[RECORDS SUPPLIED Boundary: Start]

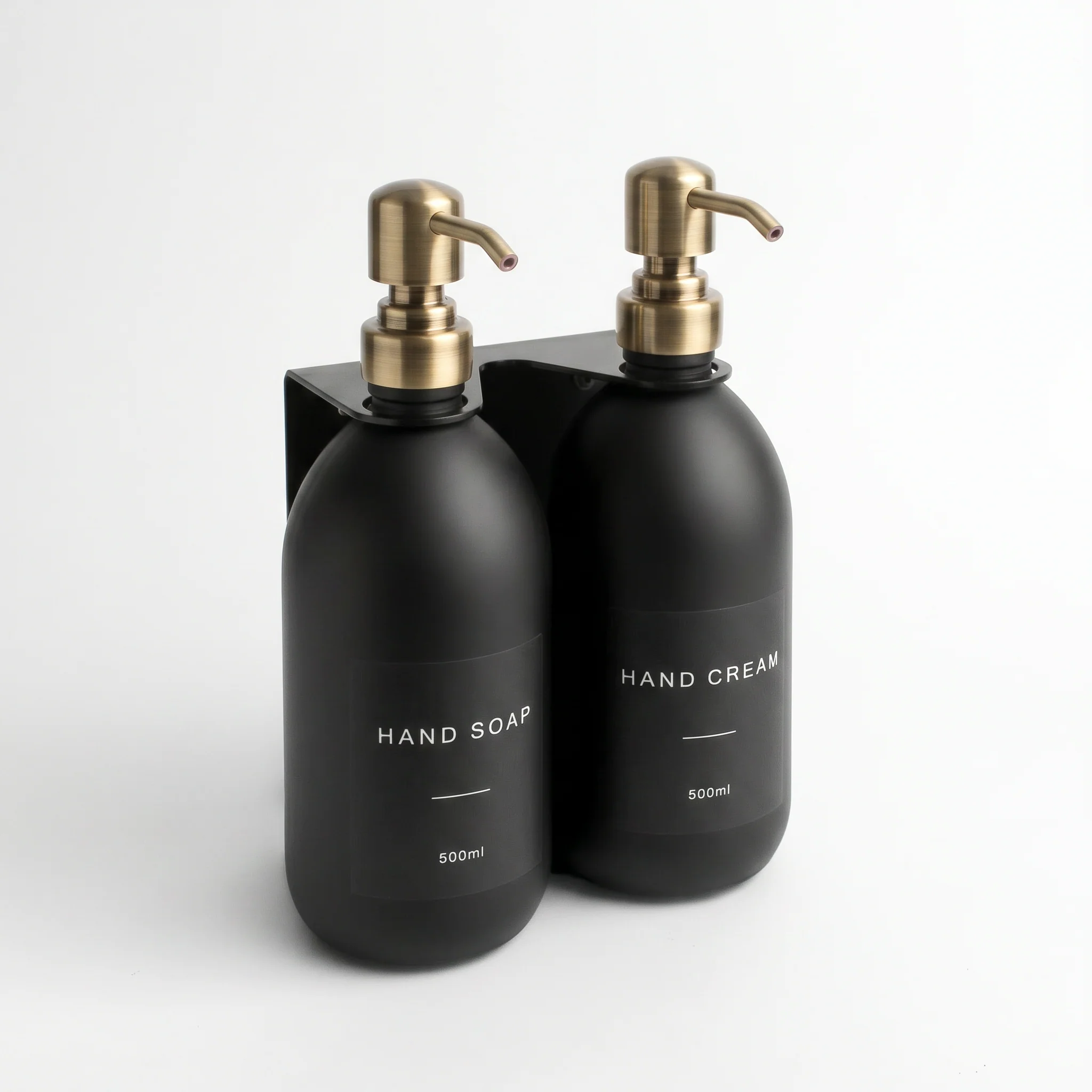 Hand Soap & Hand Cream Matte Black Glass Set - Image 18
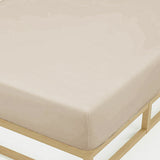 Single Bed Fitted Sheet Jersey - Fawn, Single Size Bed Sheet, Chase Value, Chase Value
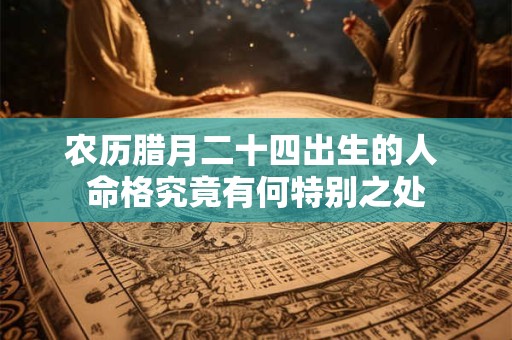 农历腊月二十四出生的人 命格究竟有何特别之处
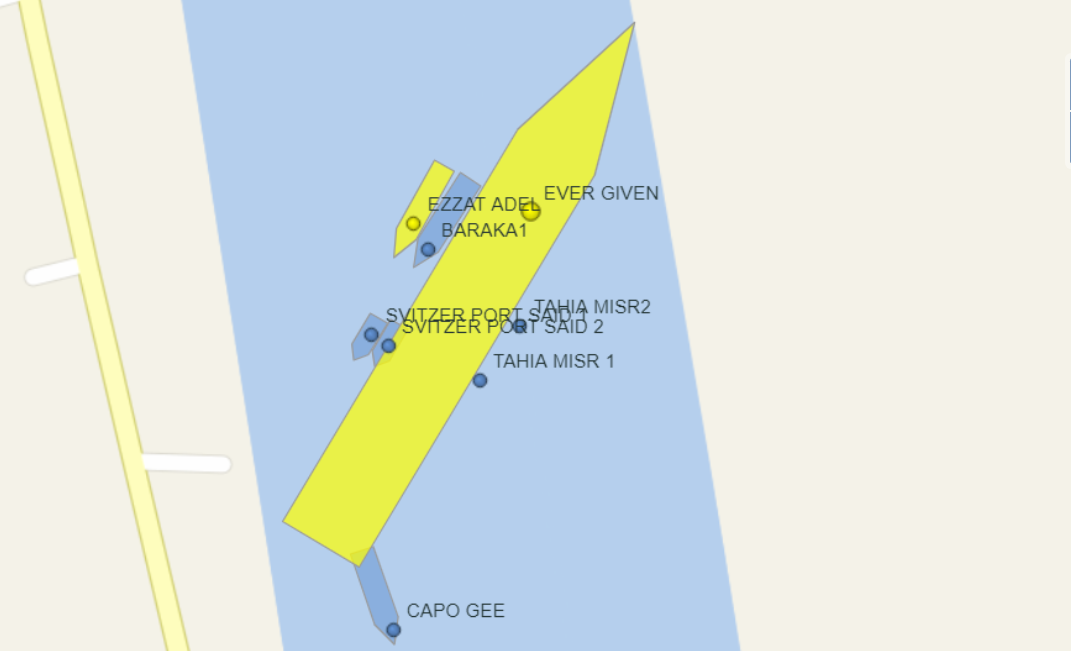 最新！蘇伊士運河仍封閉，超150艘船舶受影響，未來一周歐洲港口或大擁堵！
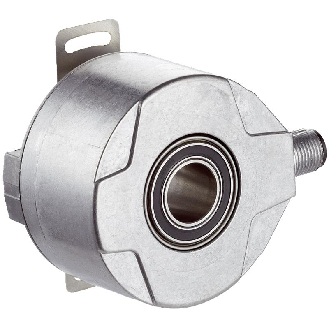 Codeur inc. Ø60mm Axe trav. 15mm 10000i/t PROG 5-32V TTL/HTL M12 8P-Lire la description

[RECORDS SUPPLIED Boundary: End]
[RECORDS SUPPLIED Boundary: Start]

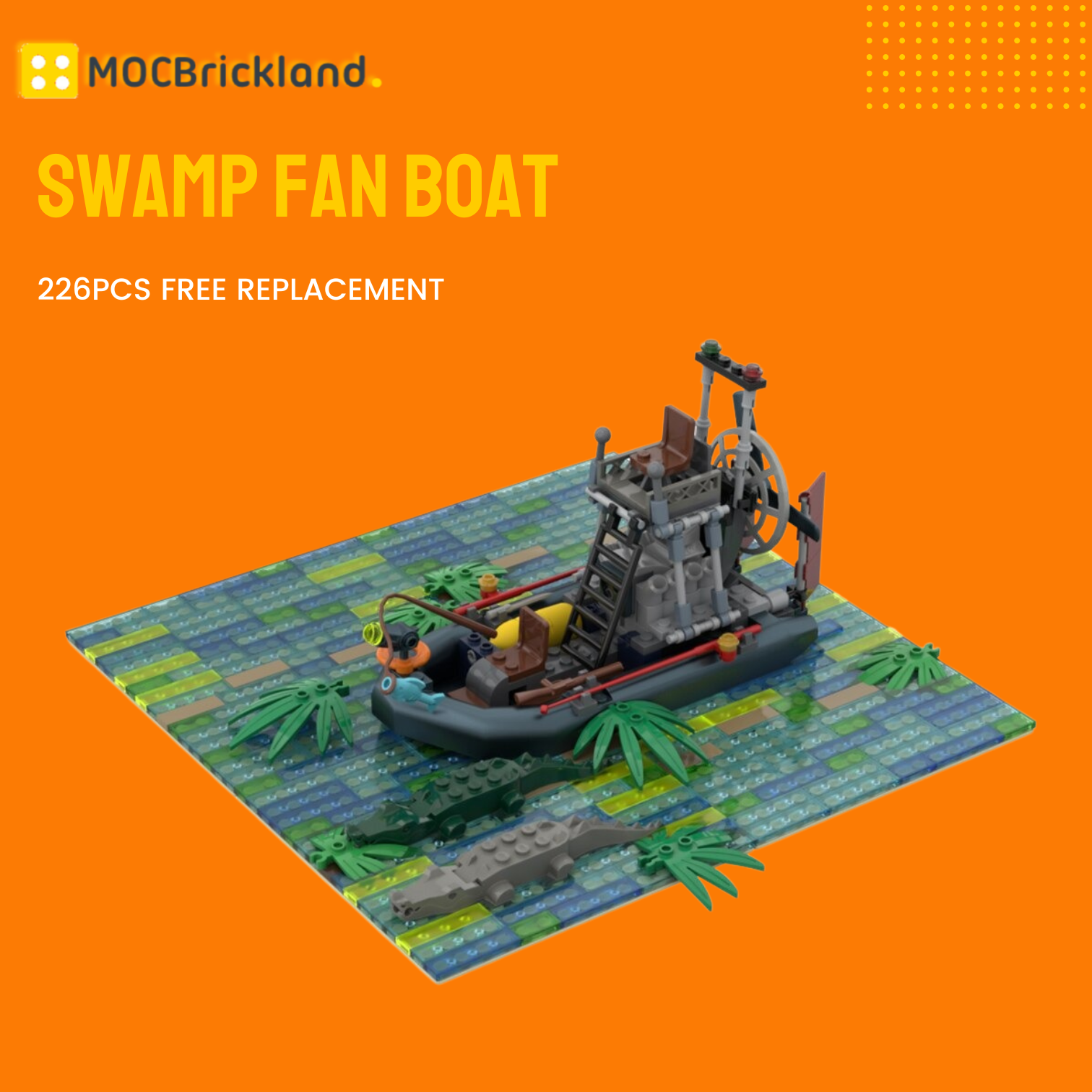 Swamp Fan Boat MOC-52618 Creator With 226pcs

[RECORDS SUPPLIED Boundary: End]
[RECORDS SUPPLIED Boundary: Start]

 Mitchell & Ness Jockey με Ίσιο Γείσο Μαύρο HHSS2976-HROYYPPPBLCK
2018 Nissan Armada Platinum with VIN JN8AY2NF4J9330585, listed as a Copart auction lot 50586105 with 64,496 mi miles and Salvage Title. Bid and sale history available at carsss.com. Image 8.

[RECORDS SUPPLIED Boundary: End]

=== PROBLEM TO WORK ON ===
From the material above, set down exactly the lines starting at the one with "Mitchell & Ness" and ending at the one with "2018 Nissan Armada", end lines included.

=== ANSWER FOR THIS EXERCISE ===
 Mitchell & Ness Jockey με Ίσιο Γείσο Μαύρο HHSS2976-HROYYPPPBLCK
2018 Nissan Armada Platinum with VIN JN8AY2NF4J9330585, listed as a Copart auction lot 50586105 with 64,496 mi miles and Salvage Title. Bid and sale history available at carsss.com. Image 8.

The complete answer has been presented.